**Try it**
From top to bottom, retype the data exactly, passing over any picture.

**Dataset excerpt**
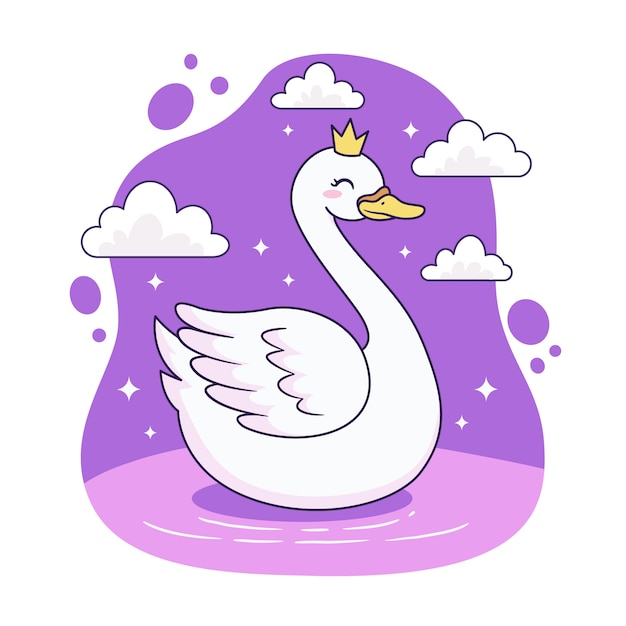 Vector gratuito concepto de princesa cisne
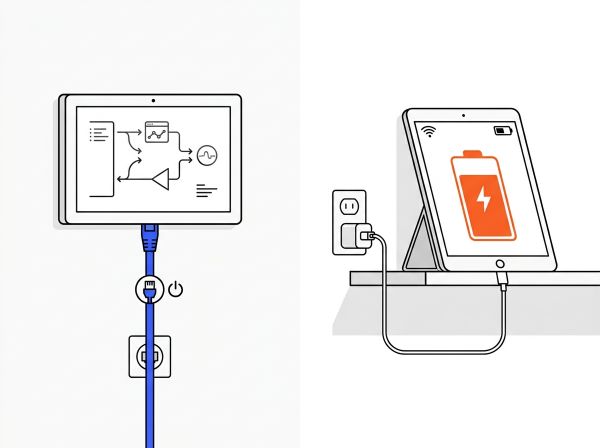Alimentation PoE vs batterie de tablette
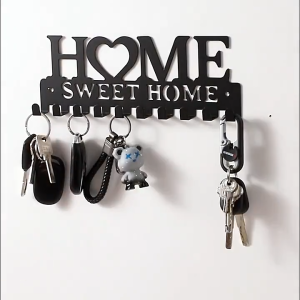 Black Metal Balcony Wall-mounted Clothes Rack Key Holder Office Hallway Entryway Key Hooks Small Key Hanger Hangers Storage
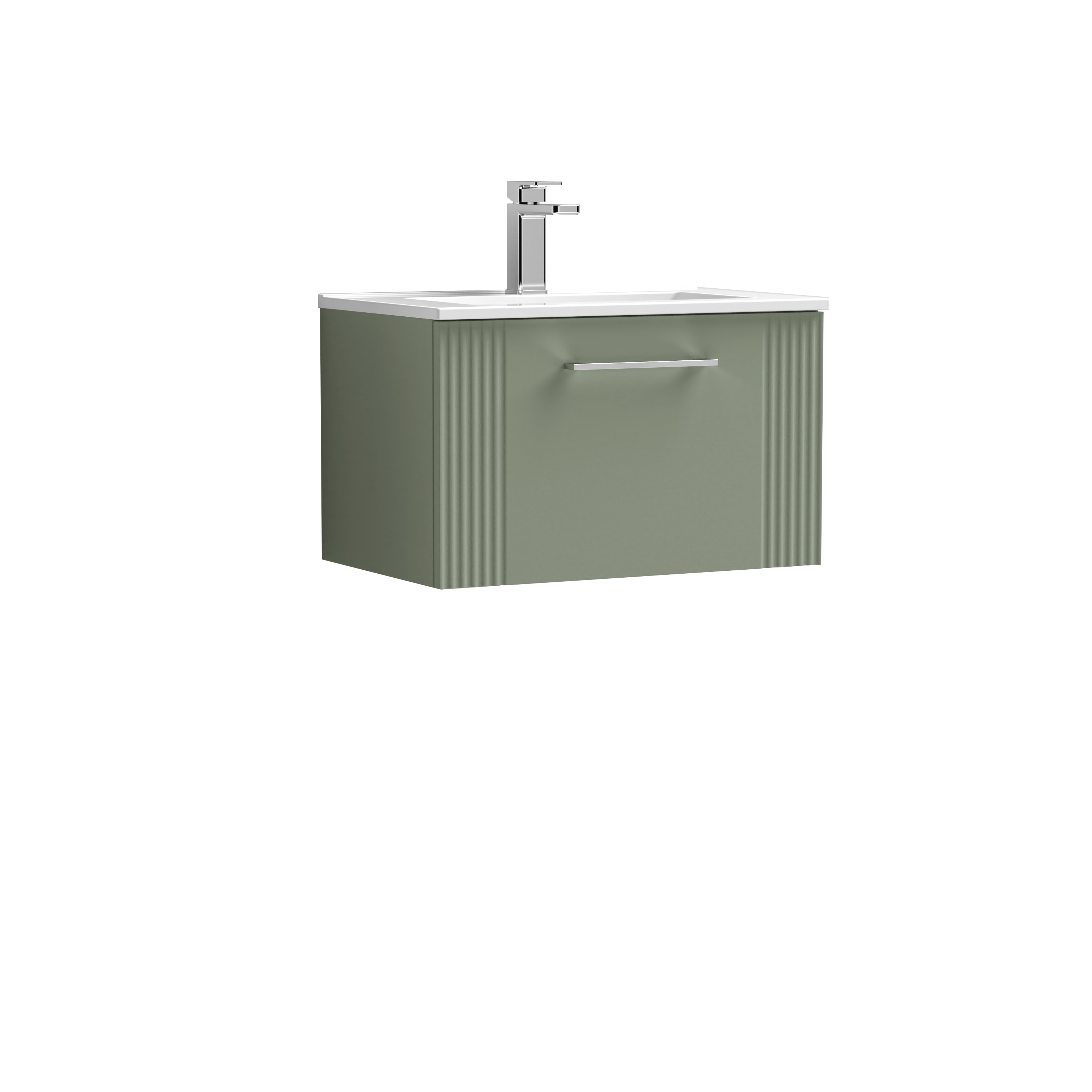 Nuie Deco Satin Green 600mm Wall Hung Single Drawer Vanity Unit and Minimalist Basin DPF894B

**Exercise response**
 Vector gratuito concepto de princesa cisne
Alimentation PoE vs batterie de tablette
 Black Metal Balcony Wall-mounted Clothes Rack Key Holder Office Hallway Entryway Key Hooks Small Key Hanger Hangers Storage
 Nuie Deco Satin Green 600mm Wall Hung Single Drawer Vanity Unit and Minimalist Basin DPF894B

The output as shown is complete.